Par Matthieu ECOIFFIER QUOTIDIEN : samedi 24 février 2007

Surtout attendre avant de renvoyer le formulaire officiel de parrainage. Cette consigne confidentielle circule chez quelques dizaines d’élus antilibéraux qui ont envoyé une promesse de signature à José Bové. « Le mot d’ordre informel est de dire : on signe pour Bové. Mais de mettre de côté le formulaire tant qu’on n’est pas sûr qu’il aura les 500 signatures. Cela permet de garder la possibilité de signer in fine pour Besancenot s’il le faut », explique l’un d’eux. Une façon de se prémunir contre un « scénario merdique : que Bové finisse à 350 signatures, Besancenot à 450, et qu’aucun des deux ne puisse se présenter. Et qu’il n’y ait que Buffet pour représenter la gauche antilibérale », explique un des soutiens du leader paysan. « Nous n’avons pas réussi l’unité antilibérale, mais il faut que cet espace politique fasse le meilleur score possible. Marie-George Buffet ne peut à elle seule capter l’ensemble de cet électorat », estime l’adjointe au maire de Paris (apparentée PCF) Clémentine Autain, qui a donné sa signature à Bové sans pour autant s’engager dans sa campagne. Buffet en candidate antilibérale unique à défaut d’être « unitaire » après l’OPA ratée du Parti communiste sur les Collectifs à l’automne ? La direction du PCF, qui a publié cette semaine dans l’Humanité la liste des 900 parrains de sa candidate, ne cache pas sa joie à l’évocation de cette perspective. Alain Krivine, le leader historique de la LCR, n’écarte pas cette hypothèse « du pire ». La Ligue a envoyé depuis vendredi des centaines de ses militants dans les mairies pour récolter de nouveaux parrainages et « s’assurer que les maires déjà convaincus remplissent sans rature leur sésame », explique-t-il.

Cela suffira-t-il ? « La division actuelle de la gauche antilibérale, où personne ne perce, peut aboutir à ce qu’il n’y ait qu’Arlette et Buffet à la gauche de la gauche. On en est à 450 signatures pour Olivier, il peut y avoir des ajouts, mais aussi des retraits, raconte Krivine. Depuis l’été, nos militants ont vu 13 000 maires, 1 000 hésitent jusqu’à la dernière minute… » Dans l’équipe Bové, plusieurs chiffres circulent. Officiellement, le candidat déclare « 330 » signatures, façon de mobiliser ses militants et de ne pas décourager les maires. D’autres pointent un nombre inférieur, autour de « 240 signatures ». Dans le staff de Bové, il y a la version optimiste : « On a une chance sur deux d’y parvenir. » Et son pendant, définitif : « Trop tard, c’est plié, on ne les aura pas. » Sur le terrain, les chasseurs de signatures pro-Bové et pro-Besancenot se tirent la bourre. Avec un candidat qui n’a démarré que le 1er février, soit le dernier à être entré en campagne, les troupes de Bové ont un gros retard à rattraper. « Cette concurrence pour arracher des parrainages se fait dans l’ignorance mutuelle », regrette Christian Picquet, chef de file de la minorité unitaire de la LCR, « cela va rajouter de l’irresponsabilité à l’échec que nous avons connu pour avoir une candidature de rassemblement antilibérale ». « Porte de sortie ».

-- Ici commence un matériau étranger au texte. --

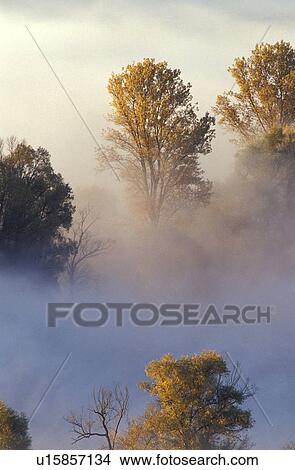 Picture - Fog in the forest. Fotosearch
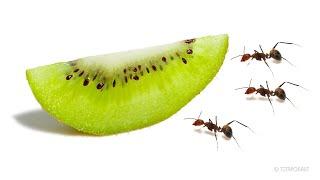 Ants vs Kiwi Timelapse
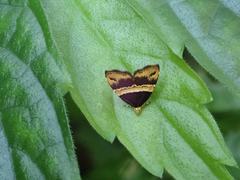 Choreutis basalis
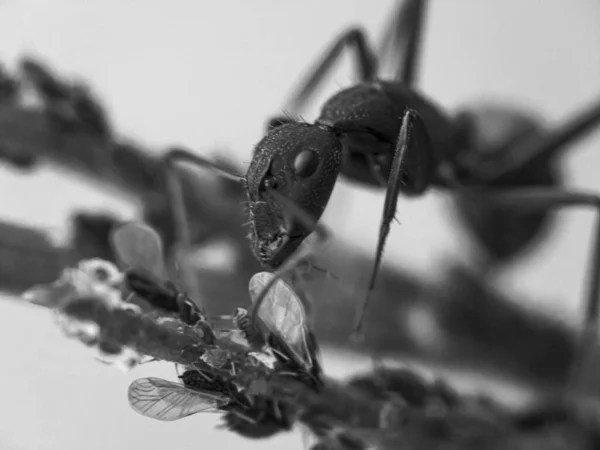 Macro Shot Ant Eating Bugs Sitting Stem — Stockfoto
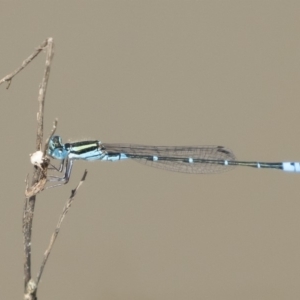 Austroagrion watsoni at Michelago, NSW - 1 Mar 2020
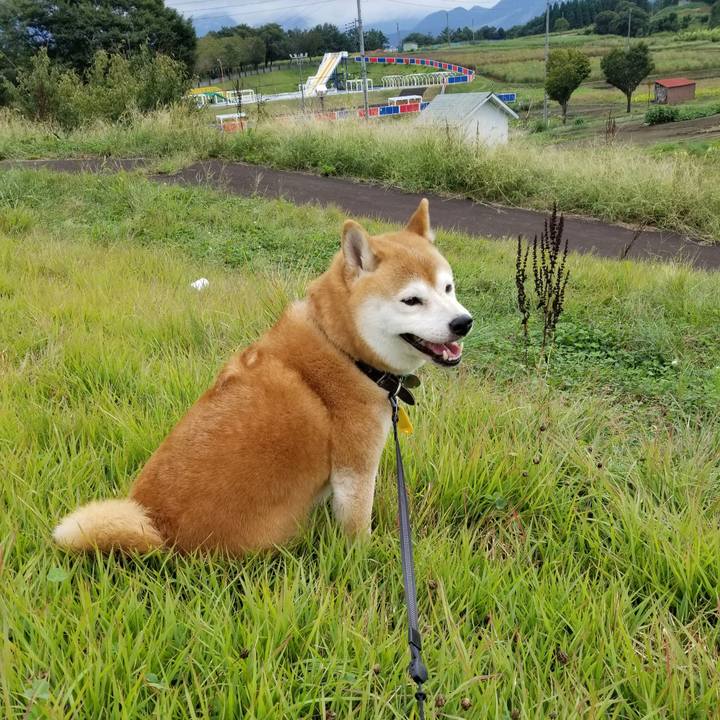 01505618 a900 46c6 bdac c0d732794c07 1600496533483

Chez Bové, l’inquiétude monte aussi sur la volonté du leader altermondialiste d’aller jusqu’au bout. Ses meetings font salle comble, mais la dynamique ne déborde pas des cercles militants. Au coude à coude avec ses rivaux dans les sondages, cette candidature « alternative » reste une « candidature de plus ». « Bové n’a pas envie de se présenter pour se prendre 2 %, un score ridicule vu sa notoriété internationale. Apparaître comme le martyr de la chasse aux signatures pourrait lui fournir une bonne porte de sortie », dit un militant de la LCR. Reste la question stratégique de sa date de sortie, si elle a lieu. Une réunion d’évaluation de la candidature Bové est prévue avec les Collectifs antilibéraux le 11 mars. Soit cinq jours avant la date limite de renvoi des formulaires. Trop tard pour se désister en faveur de son « ami Olivier » ?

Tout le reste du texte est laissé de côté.